To ensure prompt importation of the foreign equity components,
the NiPC may grant Business Permit but defer approvals for
Expatriate Quota and Pioneer Status and other applicable
investment investment incentives, until evidence of capital
importation is produced.
2. After obtaining Certificate of Capital Importation from the bank,
the NIPC is to be notified of this fact with the supporting
documentation, in order for it to resume processing of pending
approvals that might have been deferred on such ground.
3. As soon as expatriate Quota position are granted and the
respective individuals to fill the quota positions are recruited,
the company must embark on steps to obtain work permit and
residency status for the expatriate employees and their
accompanying spouses and children (if any).
5.2. The Difference Between BUSINESS PERMIT and EXPATRIATE QUOTA
Business permit, as the name connotes, is the permanent
authorization for the local operation of businesses with foreign
investments either as branch/subsidiary of a foreign company or
otherwise.
Expatriate Quota is the official permit to a company, conveying
permission for the Company to employ individual expatriates to
specifically approved job designations, and also specifying the
permissible duration of such employment. The Expatriate Quota
form the basis of work permits for expatriate individuals employed
(whose qualifications must fulfill the criteria established for the
particular quota position). Expatriate Quota positions are usually
granted for 2-3 years subject to renewal, EXCEPT in cases where
companies qualify for and are granted not more than one(1) "PUR"
Quota (i.e. Permanent Until Reviewed) position.
5.3. The Current Regulation on The Appointment of Foreign Directors
The promoters of business ventures in Nigeria are free to appoint
directors of their choice, either foreign or Nigerian, and the directors
may be resident or non-resident. The application to the NIPC must
reflect the names of the proposed Nigerian and foreign directors
(with an indication of resident and non-resident directors). The
Business Permit Certificate consequently issued following such
application usually reflects the respective names of the proprietors
of the Company, as well as the directors representing each
proprietor or coproprietor.
Payments of foreign director's fees, are remittable in the same
manner as dividends accruing to the foreign company. However,
since such fees are taxed at source (i.e. 5 as a withholding tax)
each foreign director's fees are remittable subject to satisfactory
evidence that the taxable amounts on such fees have been paid.
5.4. Pioneer Status (i.e. Tax Holiday) Advantages to a Company
The Industrial Development (Income Tax relief) Act, Cap. 179 Laws
of Nigeria, 1990, declares a number of industries as pioneer
industries.

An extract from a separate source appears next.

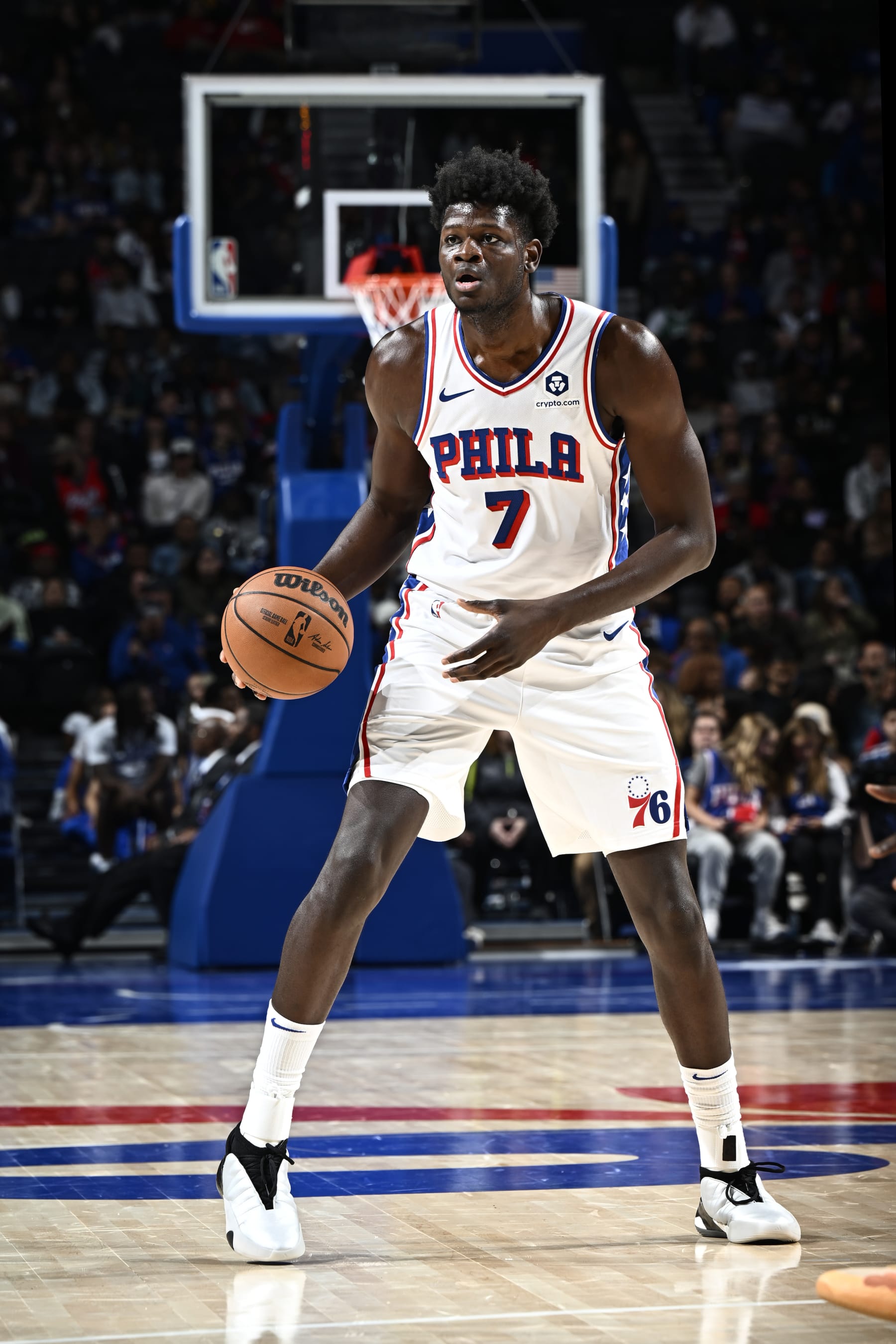 PHILADELPHIA, PA - OCTOBER 11: Mo Bamba #7 of the Philadelphia 76ers dribbles the ball during the game against the Boston Celtics on October 11, 2023 at the Wells Fargo Center in Philadelphia, Pennsylvania NOTE TO USER: User expressly acknowledges and agrees that, by downloading and/or using this Photograph, user is consenting to the terms and conditions of the Getty Images License Agreement. Mandatory Copyright Notice: Copyright 2023 NBAE (Photo by David Dow/NBAE via Getty Images)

Thus, any company whose products fall within the
categorised industries could be conferred with Pioneer Status.
This designation is not necessarily a reflection that a company was
pioneer per se in the industry, as several companies within the
same pioneer industry classification could qualify for Pioneer Status.
Where the activities of a company includes the production of pioneer
and non-pioneer products, the tax relief available on conferment of
Pioneer Status would be restricted to income derived from pioneer
products only. Under the current industrial policy, conferment of
Pioneer Status accords a company relief from income tax liability
for a period of up to 5 years (i.e. tax-holiday status).
Finally, it should be noted that even if a company's activities and/or
products are classified within pioneer industries, the grant of Pioneer
Status is not automatic. The criteria for granting Pioneer Status
are related and/or based on the following considerations;-
(i) the amount of underlying capital investment in a company (N5
million and above), must be verifiable by physical inspection
and supported by a report of the Industrial Inspectorate Division
of the Federal Ministry of Industries before a Pioneer Certificate
is granted.
(ii) the socio-economic advantages of a company's activities to
the Nigerian economy as set out in its Feasibility Study is also
an important consideration.
Without prejudice to these conditions, NIPC is empowered to confer
Pioneer Status and other investment incentives, in any other
deserving circumstance as the Council of NIPC may approve.